Восторженный голос молодежи тонул в злобном хоре хулителей. Их было большинство.
Гоголь писал в Москву Щепкину, звавшему его ставить «Ревизора» на московской сцене: «Делайте, что хотите, с моей пьесой, но я не стану хлопотать о ней… Действие произведенное ею, было большое и шумное. Все против меня. Чиновники пожилые и почтенные кричат, что для меня нет ничего святого, когда я дерзнул так говорить о служащих людях. Полицейские против меня, купцы против меня, литераторы против меня. Бранят и ходят на пьесу; на четвертое представление нельзя достать билетов… Теперь я вижу, что значит быть комическим писателем. Малейший признак истины — и против тебя восстают, и не один человек, а целые сословия. Воображаю, что же было бы, если бы я взял что-нибудь из петербургской жизни, которая мне более и лучше теперь знакома, нежели провинциальная. Досадно видеть против себя людей тому, который их любит, между тем, братскою любовью».

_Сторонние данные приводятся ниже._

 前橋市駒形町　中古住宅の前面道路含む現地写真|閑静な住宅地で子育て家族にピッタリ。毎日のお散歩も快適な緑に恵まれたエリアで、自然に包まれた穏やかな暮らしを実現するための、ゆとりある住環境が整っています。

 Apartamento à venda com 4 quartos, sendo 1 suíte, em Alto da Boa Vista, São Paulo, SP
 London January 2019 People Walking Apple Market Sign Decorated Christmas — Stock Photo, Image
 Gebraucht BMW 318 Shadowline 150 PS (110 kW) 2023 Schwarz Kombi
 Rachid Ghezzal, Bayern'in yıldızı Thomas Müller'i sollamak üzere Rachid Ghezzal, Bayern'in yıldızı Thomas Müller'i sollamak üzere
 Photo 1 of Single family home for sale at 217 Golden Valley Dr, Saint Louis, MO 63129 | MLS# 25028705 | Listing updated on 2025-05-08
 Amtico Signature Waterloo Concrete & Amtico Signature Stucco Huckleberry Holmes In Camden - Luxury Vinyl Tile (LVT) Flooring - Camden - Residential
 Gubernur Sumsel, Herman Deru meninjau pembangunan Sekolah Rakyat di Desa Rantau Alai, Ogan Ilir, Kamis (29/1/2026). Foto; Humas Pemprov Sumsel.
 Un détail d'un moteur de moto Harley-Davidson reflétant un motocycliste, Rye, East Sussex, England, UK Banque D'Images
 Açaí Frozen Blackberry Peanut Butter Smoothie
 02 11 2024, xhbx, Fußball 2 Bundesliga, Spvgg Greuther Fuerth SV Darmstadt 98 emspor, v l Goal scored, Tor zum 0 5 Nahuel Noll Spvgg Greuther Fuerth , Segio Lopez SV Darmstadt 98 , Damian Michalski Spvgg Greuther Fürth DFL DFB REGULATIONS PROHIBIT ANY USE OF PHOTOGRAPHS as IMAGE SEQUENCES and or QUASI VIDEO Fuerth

А страсти все разгорались.
Восьмого мая Вяземский советовал в письме Александру Ивановичу Тургеневу: «Прочти „Ревизора“ и заключи, сколько толков раздаются о нем. Все стараются быть более монархистами, чем царь, и все гневаются, что позволили играть эту пиесу, которая, впрочем, имела блистательный и полный успех на сцене, хотя не успех общего одобрения. Неимоверно, что за глупые суждения слышишь о ней, особенно в высшем ряду общества! „Как будто есть такой город в России“. „Как не представить хоть одного честного, порядочного человека? Будто их нет в России“».
Тридцать первого мая приятель многих литераторов, директор департамента Вигель, наслушавшись толков о комедии Гоголя, изливал свой гнев в письме Загоскину: «То ли дело „Ревизор“ Гоголя; читали ли вы сию комедию? видели ли вы ее? Я ни то, ни другое, но столько о ней слышал, что могу сказать, что издали она мне воняла. Автор выдумал какую-то Россию и в ней какой-то городок, в который свалил он все мерзости, которые изредка на поверхности настоящей России находились… Сколько накопил он плутней, подлости, невежества. Я, который жил и служил в провинциях, смело называю это клеветой в пяти действиях. А наша чернь-то хохочет… Я знаю г. автора — это юная Россия, во всей ее наготе и цинизме».
Надо же было с таким бесстыдством отрицать очевидное, встречающееся на каждом шагу, всем ведомое, против чего даже царь не стал возражать. А Гоголь — чистая душа — верил, таил надежду, что чиновные мужи, поставленные управлять государством, уж они-то в первую очередь, посмотрев «Ревизора», спохватятся, озаботятся, незамедлительно примут надлежащие меры. Ан, не тут-то было… «Грустно, когда видишь, в каком еще жалком состоянии находится у нас писатель. Все против него, и нет никакой сколько-нибудь равносильной стороны за него. „Он зажигатель! Он бунтовщик!“ И кто же говорит? Это говорят люди государственные, люди выслужившиеся, опытные, люди, которые должны бы иметь на сколько-нибудь ума, чтоб понять дело в настоящем виде… Рассмотри положение бедного автора, любящего между тем сильно свое отечество и своих же соотечественников, и скажи ему, что есть небольшой круг, понимающий его, глядящий на него другими глазами, утешит ли это его?» — вопрошал Гоголь Погодина.